KeyError when load_faiss_index from a dumpped datastore
Created by: Maxwell-Lyu
How to reproduce
- [OK] Build a datastore and its faiss_index using scripts under knnbox-scripts/vanilla-knn-mt
- [OK] Load this datastore in my code, dump it
- [Error] Load the dumpped datastore, and load its faiss_index (called by any retriever)
Cause
The "dump" and "load" in knn-box is not symmetric when it comes to faiss_index
- The
build_faiss_index
method saves faiss_index shape to config.json - The
dump
method does not - The
load
method tries to load faiss_index shape from config.json
Fix
faiss's Index class saves vector dimention and vector counts in faiss_index file, knn-box need not to save them.
Error Trace
Traceback (most recent call last):
File "/data0/lvyz/knn-box/knnbox-scripts/plac-knn-mt/../../knnbox-scripts/plac-knn-mt/save_drop_index.py", line 39, in <module>
mt_known = retriever.retrieve(query=query, return_list=["mt_known"])["mt_known"]

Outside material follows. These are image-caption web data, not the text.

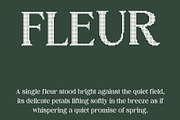 Jovelyn Disco, a Sans Serif Font by Craft Supply Co. (Thumbnail 2 of 8)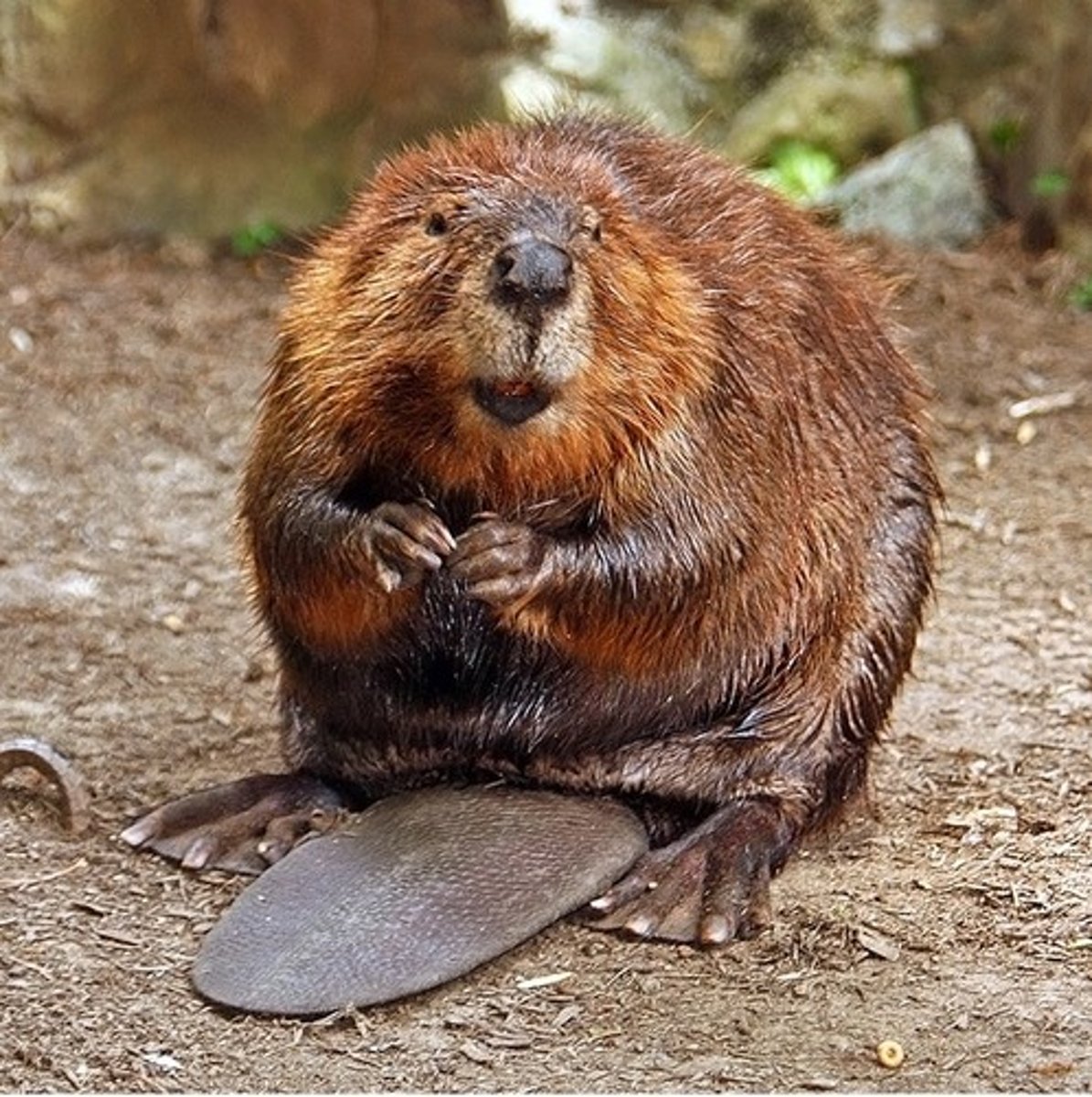 <p>They build dams, creating small lakes which are colonised by many aquatic species.</p>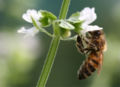 Honeybee on Basil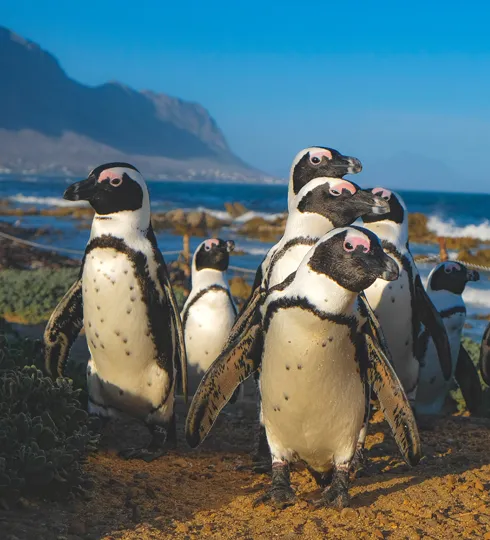 voyage afrique du sud pinguins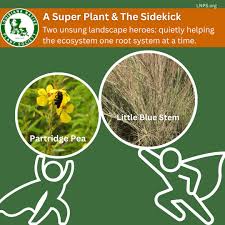 Image result for Chamaecrista polytricha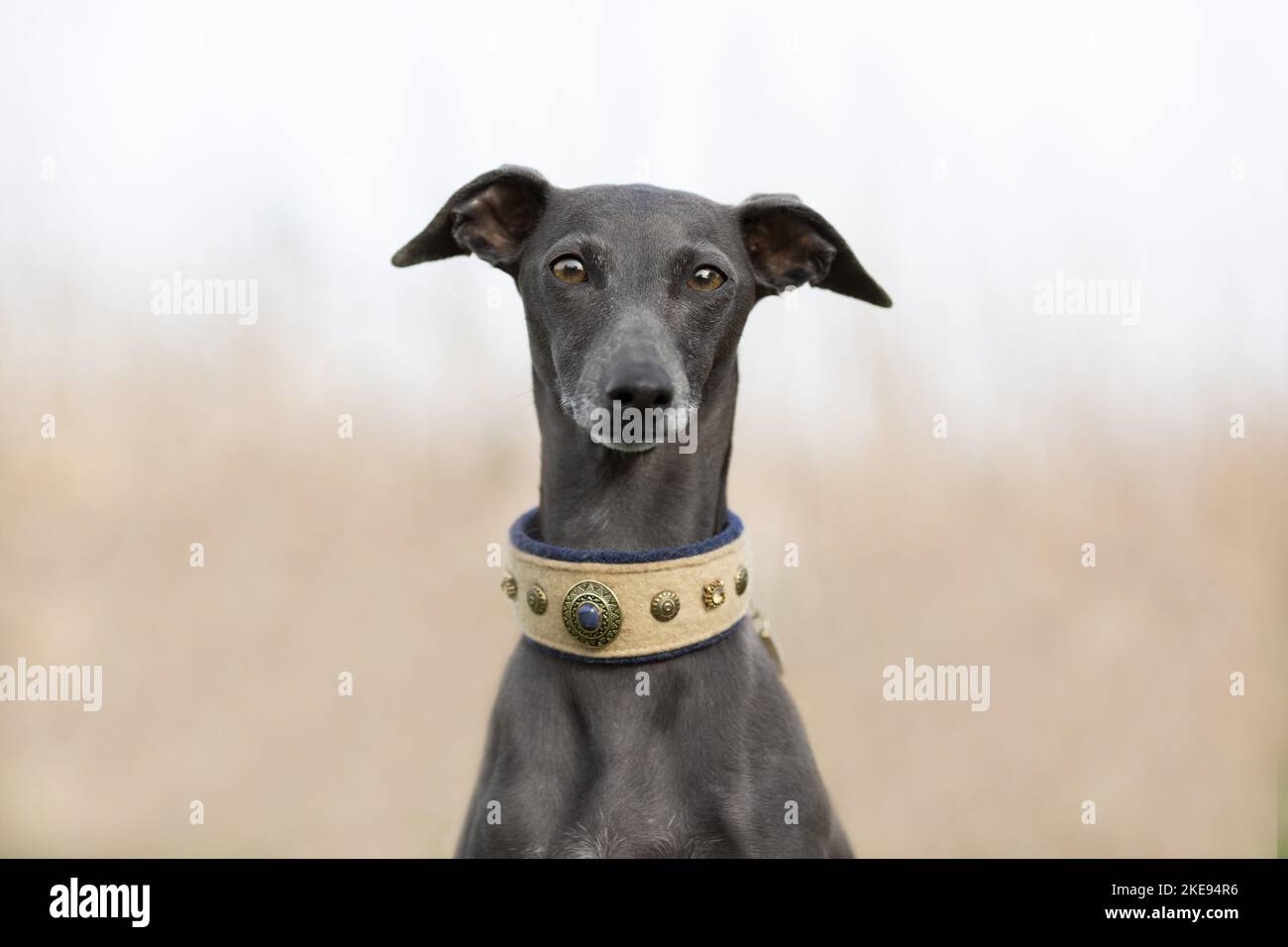 Dog italian greyhound hi-res stock photography and images - Page 10 - Alamy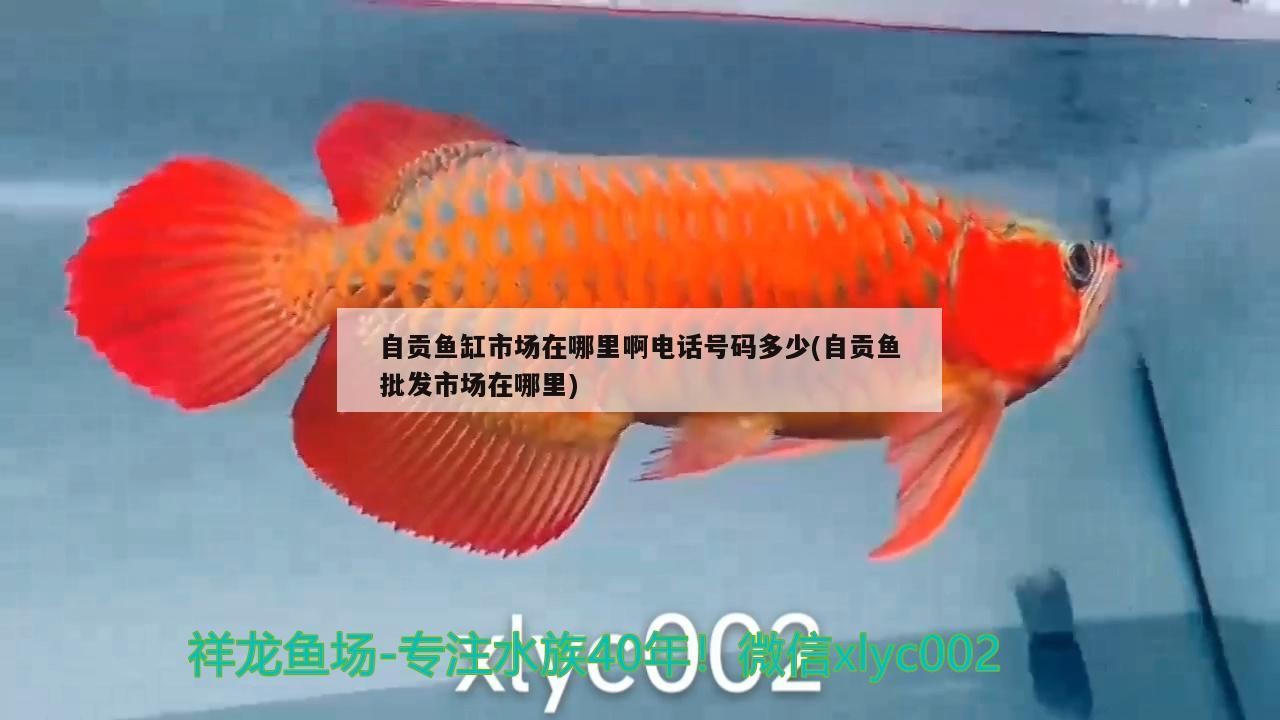 自貢魚缸市場在哪里啊電話號碼多少(自貢魚批發市場在哪里)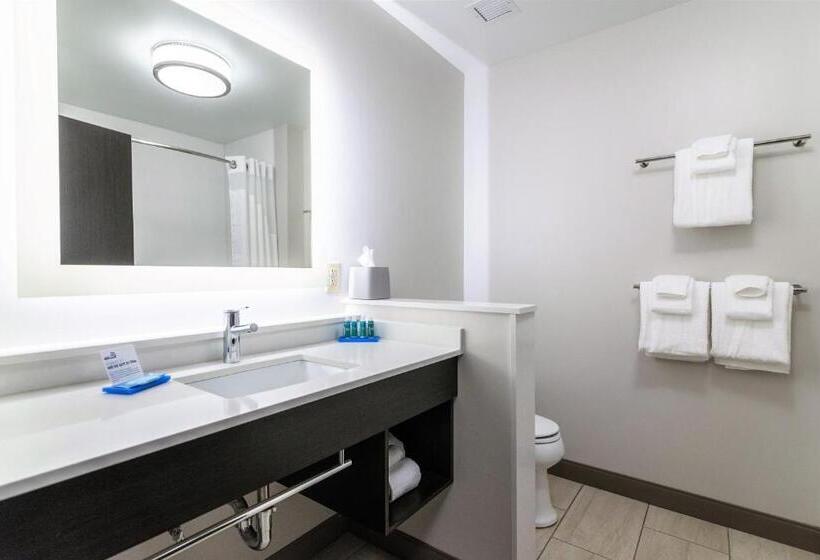 هتل Holiday Inn Express & Suites Allen Park, An Ihg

File "/data0/lvyz/knn-box/knnbox/retriever/retriever.py", line 21, in retrieve
self.datastore.load_faiss_index("keys", move_to_gpu=True)
File "/data0/lvyz/knn-box/knnbox/datastore/datastore.py", line 155, in load_faiss_index
shape = config["data_infos"][filename]["faiss_index_shape"]
KeyError: 'faiss_index_shape'